Work instruction
Which lines below fall between the one containing "Los mayores aumentos" and the one containing "コード刺繍ウラケプルオーバー"? Repeat them exactly, counting both of those lines, and add nothing else.

___ Supplied entries

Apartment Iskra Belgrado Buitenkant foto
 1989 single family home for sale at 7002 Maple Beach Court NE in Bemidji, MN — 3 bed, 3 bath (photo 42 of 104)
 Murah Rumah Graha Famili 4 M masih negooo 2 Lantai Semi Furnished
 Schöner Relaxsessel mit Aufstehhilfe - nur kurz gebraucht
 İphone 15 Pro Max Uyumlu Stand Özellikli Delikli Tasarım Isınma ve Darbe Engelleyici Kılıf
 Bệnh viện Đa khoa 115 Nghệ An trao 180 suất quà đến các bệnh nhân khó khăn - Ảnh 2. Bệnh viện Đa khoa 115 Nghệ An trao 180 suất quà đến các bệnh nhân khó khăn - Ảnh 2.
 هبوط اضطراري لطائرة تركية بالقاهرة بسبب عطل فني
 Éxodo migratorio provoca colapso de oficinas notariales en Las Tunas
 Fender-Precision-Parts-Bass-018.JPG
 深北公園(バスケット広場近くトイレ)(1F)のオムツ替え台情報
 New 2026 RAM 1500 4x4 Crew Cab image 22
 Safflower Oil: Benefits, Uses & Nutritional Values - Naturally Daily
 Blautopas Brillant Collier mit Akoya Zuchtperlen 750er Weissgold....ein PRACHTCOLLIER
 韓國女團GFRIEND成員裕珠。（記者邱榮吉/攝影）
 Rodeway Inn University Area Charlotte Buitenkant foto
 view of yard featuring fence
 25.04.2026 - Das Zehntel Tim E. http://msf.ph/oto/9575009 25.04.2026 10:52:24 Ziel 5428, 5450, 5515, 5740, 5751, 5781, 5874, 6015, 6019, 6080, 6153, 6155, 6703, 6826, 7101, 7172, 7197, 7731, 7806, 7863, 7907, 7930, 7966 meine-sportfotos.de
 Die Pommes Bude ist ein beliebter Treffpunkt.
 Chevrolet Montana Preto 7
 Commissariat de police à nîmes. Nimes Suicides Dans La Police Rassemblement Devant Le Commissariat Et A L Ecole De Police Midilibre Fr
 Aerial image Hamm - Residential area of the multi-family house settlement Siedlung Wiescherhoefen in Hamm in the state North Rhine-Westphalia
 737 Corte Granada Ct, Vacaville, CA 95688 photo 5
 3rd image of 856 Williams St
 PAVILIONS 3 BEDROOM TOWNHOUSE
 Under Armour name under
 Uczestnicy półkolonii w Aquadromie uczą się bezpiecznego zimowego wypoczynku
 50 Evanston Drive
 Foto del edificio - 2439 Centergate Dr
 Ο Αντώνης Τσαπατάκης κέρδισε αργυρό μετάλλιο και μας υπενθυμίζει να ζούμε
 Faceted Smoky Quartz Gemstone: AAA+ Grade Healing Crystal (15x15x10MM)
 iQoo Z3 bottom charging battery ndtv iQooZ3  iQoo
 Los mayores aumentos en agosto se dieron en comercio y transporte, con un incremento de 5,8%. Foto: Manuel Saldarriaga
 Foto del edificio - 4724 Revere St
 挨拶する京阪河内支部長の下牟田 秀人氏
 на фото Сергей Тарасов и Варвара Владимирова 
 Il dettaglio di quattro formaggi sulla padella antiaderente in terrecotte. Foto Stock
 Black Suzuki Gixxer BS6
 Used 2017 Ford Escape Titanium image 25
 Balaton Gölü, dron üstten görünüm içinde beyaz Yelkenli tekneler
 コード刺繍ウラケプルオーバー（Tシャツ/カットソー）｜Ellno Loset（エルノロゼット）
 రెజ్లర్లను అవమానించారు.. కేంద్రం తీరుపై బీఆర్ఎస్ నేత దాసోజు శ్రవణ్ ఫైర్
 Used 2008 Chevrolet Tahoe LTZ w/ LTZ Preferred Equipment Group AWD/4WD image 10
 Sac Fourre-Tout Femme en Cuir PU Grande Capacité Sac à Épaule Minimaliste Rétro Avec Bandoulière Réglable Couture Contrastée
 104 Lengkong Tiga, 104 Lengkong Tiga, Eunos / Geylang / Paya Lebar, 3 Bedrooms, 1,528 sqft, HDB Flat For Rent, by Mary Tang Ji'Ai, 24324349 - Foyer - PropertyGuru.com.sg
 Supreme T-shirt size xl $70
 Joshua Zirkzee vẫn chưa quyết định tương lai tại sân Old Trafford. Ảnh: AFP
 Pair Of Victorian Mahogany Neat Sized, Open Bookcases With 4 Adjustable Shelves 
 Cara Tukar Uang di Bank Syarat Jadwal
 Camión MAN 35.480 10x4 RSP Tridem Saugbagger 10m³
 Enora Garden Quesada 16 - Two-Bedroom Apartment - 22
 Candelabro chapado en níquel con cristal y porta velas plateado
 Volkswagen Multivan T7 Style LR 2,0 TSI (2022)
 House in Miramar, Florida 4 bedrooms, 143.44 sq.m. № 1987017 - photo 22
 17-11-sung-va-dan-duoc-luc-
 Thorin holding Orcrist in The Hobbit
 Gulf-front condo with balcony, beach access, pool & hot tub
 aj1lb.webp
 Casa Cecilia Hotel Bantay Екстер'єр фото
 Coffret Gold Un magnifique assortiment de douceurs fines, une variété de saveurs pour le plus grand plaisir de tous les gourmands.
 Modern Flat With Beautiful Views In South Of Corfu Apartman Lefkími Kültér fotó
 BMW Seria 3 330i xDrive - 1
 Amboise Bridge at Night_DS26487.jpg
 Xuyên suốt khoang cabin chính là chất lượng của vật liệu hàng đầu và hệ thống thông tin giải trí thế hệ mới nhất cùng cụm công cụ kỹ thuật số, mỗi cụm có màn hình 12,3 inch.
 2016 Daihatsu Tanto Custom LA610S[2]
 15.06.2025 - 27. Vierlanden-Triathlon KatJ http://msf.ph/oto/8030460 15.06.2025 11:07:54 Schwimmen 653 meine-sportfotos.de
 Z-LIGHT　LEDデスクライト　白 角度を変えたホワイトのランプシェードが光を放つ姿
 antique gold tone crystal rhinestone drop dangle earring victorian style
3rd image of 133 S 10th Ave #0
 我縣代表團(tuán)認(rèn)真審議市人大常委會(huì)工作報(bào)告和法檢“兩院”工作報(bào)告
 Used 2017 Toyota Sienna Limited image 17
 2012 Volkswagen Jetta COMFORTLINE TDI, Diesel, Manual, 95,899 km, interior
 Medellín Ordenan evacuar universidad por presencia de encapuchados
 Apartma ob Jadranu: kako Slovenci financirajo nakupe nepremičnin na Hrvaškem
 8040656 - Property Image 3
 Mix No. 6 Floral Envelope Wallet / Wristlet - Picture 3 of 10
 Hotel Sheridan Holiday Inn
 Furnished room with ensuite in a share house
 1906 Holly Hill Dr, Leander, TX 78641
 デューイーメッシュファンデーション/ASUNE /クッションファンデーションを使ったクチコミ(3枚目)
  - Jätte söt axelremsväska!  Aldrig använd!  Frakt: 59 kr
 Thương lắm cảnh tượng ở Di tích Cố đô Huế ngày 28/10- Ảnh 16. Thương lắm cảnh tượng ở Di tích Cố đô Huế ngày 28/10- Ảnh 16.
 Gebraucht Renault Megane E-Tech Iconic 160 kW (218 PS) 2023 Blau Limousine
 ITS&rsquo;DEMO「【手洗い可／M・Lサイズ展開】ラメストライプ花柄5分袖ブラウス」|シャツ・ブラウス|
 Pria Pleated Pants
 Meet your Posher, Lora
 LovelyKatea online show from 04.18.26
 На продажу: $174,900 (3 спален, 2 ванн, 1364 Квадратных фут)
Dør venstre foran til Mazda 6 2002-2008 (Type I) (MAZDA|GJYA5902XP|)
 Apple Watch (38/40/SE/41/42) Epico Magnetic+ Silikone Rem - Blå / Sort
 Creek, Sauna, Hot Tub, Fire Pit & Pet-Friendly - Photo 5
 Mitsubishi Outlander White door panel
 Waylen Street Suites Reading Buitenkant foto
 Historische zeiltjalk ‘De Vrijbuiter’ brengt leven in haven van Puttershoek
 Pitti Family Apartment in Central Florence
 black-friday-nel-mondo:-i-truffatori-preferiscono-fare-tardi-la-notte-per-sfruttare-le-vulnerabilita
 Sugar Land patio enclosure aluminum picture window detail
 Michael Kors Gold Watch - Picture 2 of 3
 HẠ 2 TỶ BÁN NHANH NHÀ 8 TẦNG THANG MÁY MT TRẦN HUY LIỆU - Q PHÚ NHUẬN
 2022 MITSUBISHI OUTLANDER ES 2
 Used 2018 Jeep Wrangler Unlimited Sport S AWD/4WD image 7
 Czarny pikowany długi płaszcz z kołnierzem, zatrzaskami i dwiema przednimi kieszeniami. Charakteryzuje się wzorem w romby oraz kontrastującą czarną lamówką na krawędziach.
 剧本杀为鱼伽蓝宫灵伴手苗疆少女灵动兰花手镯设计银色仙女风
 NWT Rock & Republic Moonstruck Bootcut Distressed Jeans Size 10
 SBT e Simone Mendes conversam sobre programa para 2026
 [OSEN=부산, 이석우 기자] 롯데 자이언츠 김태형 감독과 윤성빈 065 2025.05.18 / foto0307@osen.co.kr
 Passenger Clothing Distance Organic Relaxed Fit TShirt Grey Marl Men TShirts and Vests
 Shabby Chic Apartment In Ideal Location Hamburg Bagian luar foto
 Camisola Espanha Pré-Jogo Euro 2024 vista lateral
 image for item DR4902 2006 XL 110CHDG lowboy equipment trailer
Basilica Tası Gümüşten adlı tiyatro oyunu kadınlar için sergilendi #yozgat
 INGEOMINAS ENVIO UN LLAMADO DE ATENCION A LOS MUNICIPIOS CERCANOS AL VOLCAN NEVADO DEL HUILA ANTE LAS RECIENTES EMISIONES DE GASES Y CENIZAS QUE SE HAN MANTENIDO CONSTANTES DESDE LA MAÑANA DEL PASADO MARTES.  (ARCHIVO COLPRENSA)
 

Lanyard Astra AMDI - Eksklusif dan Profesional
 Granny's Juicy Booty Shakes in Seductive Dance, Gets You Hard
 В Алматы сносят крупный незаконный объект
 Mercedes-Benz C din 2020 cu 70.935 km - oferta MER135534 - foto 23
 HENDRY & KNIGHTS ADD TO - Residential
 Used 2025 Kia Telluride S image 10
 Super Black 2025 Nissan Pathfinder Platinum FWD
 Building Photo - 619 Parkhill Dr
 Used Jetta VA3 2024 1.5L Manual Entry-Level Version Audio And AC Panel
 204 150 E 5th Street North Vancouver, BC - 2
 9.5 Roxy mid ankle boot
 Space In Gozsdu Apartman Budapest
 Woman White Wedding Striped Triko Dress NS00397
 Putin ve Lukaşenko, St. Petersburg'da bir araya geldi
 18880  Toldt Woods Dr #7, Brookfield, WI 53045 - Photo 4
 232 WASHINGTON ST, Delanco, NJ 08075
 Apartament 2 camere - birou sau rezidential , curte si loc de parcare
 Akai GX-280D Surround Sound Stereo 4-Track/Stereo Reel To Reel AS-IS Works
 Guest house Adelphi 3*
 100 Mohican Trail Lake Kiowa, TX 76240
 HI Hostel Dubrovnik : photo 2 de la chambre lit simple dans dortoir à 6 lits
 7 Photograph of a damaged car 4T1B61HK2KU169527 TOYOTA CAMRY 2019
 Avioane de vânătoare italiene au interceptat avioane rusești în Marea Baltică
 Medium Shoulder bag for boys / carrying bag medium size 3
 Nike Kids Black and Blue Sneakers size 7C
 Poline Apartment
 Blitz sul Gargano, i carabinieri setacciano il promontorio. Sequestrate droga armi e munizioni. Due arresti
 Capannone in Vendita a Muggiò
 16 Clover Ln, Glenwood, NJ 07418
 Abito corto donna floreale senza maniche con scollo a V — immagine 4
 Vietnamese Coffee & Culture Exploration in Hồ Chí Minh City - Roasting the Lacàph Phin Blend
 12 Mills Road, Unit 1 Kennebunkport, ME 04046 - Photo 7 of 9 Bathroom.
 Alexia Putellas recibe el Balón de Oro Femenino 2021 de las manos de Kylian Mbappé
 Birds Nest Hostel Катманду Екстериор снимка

______

Solution below
 Los mayores aumentos en agosto se dieron en comercio y transporte, con un incremento de 5,8%. Foto: Manuel Saldarriaga
 Foto del edificio - 4724 Revere St
 挨拶する京阪河内支部長の下牟田 秀人氏
 на фото Сергей Тарасов и Варвара Владимирова 
 Il dettaglio di quattro formaggi sulla padella antiaderente in terrecotte. Foto Stock
 Black Suzuki Gixxer BS6
 Used 2017 Ford Escape Titanium image 25
 Balaton Gölü, dron üstten görünüm içinde beyaz Yelkenli tekneler
 コード刺繍ウラケプルオーバー（Tシャツ/カットソー）｜Ellno Loset（エルノロゼット）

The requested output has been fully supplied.